Los retratos de la muerte

ORLANDO JOSÉ OLIVEROS ACOSTA

18 de julio de 2018 12:00 AM

La extremaunción, más que un sacramento, es una variante de las artes plásticas. Con el mismo óleo que el pintor usa para inventar una vida, el padre de tu iglesia te prepara para recibir la muerte. Ahí es cuando uno se pregunta si la muerte es una vieja artista que llega y pinta la última escena, el brillo postrero de un incendio que se apaga y del cual sólo quedan trazos y cenizas.

Desde que naces ya te está retratando la muerte. Ella te persigue, te ve crecer y anota cada rasgo tuyo, no se le escapa el punto de fuga ni la perspectiva. No sabías que cuando cruzabas una calle, cumplías años o dormías un rato tú estabas posando. Incluso leyendo estas palabras la tienes en frente, midiendo con sus manos de vieja los pormenores de tu retrato. 

La muerte pinta pero eso no la hace mejor persona. Es ella la que decide si construye lienzos de niños o ancianos, multitudes o llaneros solitarios. Si así lo desea, pudre con ingenioso pincel las frutas de la despensa, pero entonces deja inconclusas las moscas para que vuelen vivas sobre la pulpa rancia de los mangos. Lo mismo le da los bodegones y los condenados, los motociclistas y los náufragos, los maestros y los pacientes en coma: todo es susceptible de ser consumido por su trazo.

De manera que cuando el cura acude a la cama del enfermo para ofrecerle paz cristiana y untarlo con el aceite sagrado, lo que está haciendo es diluir con premura y resignación los óleos de la muerte. Allí, en el momento indicado, la artista más antigua de todas termina al fin una de sus tantas obras. Después estampa su firma y la manda tranquilamente a la tumba, dejándole bajo una lápida que exhibe en los cementerios como quien cuelga un cuadro en una galería.

En menos de dos semanas me ha tocado venir al cementerio de la ciudad varias veces. Caminando entre las losas grises de los difuntos siento que recorro los pasillos de un museo dedicado al tiempo y a la caída. Una exposición permanente de nombres y fechas, de margaritas secas y rosas de tela que jamás se marchitan. Aquí están pintados muchos de mis seres queridos, metidos en un cajón de madera como un dibujo que se guarda dentro de una gaveta. Piso con cuidado el pasto horrible de sus sepulturas: técnica mixta de óleo sobre tierra.

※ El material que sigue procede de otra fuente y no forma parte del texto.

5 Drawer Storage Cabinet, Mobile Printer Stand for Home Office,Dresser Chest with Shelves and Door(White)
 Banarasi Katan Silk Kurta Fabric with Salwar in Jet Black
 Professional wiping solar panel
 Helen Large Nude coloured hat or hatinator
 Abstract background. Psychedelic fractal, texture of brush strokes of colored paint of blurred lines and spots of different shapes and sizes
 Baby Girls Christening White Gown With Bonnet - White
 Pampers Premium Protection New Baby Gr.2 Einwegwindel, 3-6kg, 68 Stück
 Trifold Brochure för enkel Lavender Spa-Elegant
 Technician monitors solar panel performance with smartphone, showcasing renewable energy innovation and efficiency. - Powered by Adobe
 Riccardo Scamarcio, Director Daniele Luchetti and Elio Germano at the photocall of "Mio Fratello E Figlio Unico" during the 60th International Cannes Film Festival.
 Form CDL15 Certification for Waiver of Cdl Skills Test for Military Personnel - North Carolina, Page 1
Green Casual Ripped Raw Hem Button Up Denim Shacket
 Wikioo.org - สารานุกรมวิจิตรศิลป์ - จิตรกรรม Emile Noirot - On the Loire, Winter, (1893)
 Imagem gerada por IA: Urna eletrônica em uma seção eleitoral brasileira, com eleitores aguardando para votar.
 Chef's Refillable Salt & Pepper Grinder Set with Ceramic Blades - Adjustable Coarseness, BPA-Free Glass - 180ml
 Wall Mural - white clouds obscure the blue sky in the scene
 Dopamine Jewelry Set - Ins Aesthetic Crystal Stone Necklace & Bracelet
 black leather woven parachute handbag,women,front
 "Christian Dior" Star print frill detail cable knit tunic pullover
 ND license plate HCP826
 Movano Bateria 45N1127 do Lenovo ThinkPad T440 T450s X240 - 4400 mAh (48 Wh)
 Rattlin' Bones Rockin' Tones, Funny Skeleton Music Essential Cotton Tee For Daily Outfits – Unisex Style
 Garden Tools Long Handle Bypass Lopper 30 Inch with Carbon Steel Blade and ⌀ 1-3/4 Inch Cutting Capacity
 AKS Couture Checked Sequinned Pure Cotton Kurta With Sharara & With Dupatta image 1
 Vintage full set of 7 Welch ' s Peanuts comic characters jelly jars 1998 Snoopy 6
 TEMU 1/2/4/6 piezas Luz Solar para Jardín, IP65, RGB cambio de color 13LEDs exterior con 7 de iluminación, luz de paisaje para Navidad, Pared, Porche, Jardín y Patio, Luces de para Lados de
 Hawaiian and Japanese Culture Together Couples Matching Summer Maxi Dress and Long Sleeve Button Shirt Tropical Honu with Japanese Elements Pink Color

Me pregunto en qué lugar colgará la muerte mi retrato. Sé que ahora me está pintando, pero ignoro si le falta mucho todavía o si ya está acabando. Si al menos pudiera salir de este plano en el que solo estoy posando y hablarle, le pediría que me dijera si ya dibujó mi boca, si en el diseño eterno de mi partida ha puesto un rictus sereno o una sonrisa.

“Después estampa su firma y la manda tranquilamente a la tumba, dejándole bajo una lápida que exhibe en los cementerios como quien cuelga un cuadro en una galería”.